▶ [Required action]: Skip the pictures. Output only the lines below starting at the line with "ジバンシィ(GIVENCHY)の冬子様専用　GIVENCHY Perfume エナメル" and ending at the line with "Renault Trafic 2.5", both ends included, exactly as they are.

▶ [Material for the task]:

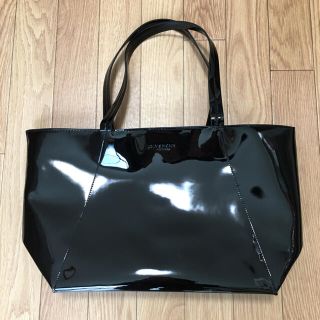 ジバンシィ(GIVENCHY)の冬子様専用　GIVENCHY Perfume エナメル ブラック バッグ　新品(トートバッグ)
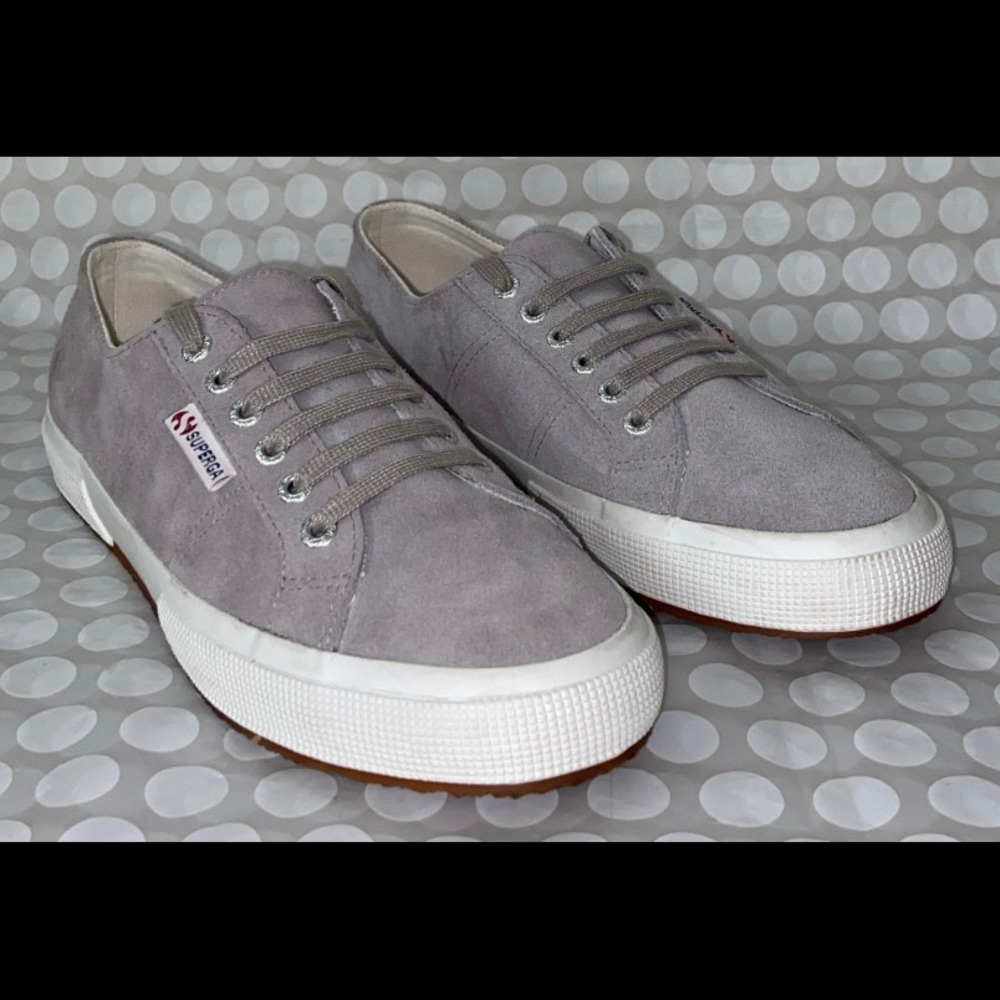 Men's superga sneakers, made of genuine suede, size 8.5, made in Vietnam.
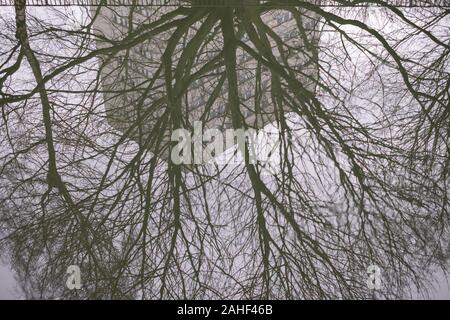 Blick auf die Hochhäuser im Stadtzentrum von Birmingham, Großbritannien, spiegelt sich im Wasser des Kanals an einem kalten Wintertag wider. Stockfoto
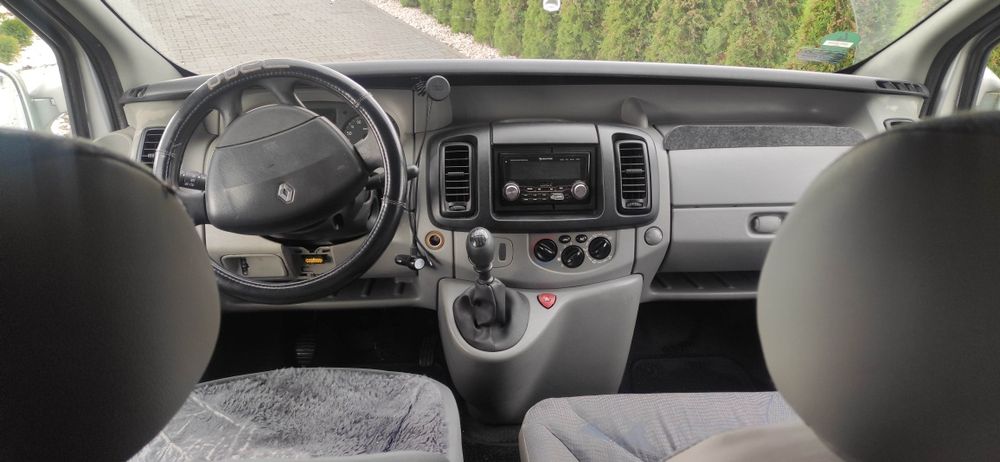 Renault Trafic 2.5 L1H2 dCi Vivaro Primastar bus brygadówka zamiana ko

==

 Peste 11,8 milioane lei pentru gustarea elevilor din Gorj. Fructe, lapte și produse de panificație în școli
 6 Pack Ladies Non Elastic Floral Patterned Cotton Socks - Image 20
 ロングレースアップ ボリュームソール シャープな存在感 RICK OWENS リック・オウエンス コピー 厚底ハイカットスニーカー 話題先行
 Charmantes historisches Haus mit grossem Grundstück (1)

▶ [Exercise result]:
 ジバンシィ(GIVENCHY)の冬子様専用　GIVENCHY Perfume エナメル ブラック バッグ　新品(トートバッグ)
 Men's superga sneakers, made of genuine suede, size 8.5, made in Vietnam.
 Blick auf die Hochhäuser im Stadtzentrum von Birmingham, Großbritannien, spiegelt sich im Wasser des Kanals an einem kalten Wintertag wider. Stockfoto
 Renault Trafic 2.5 L1H2 dCi Vivaro Primastar bus brygadówka zamiana ko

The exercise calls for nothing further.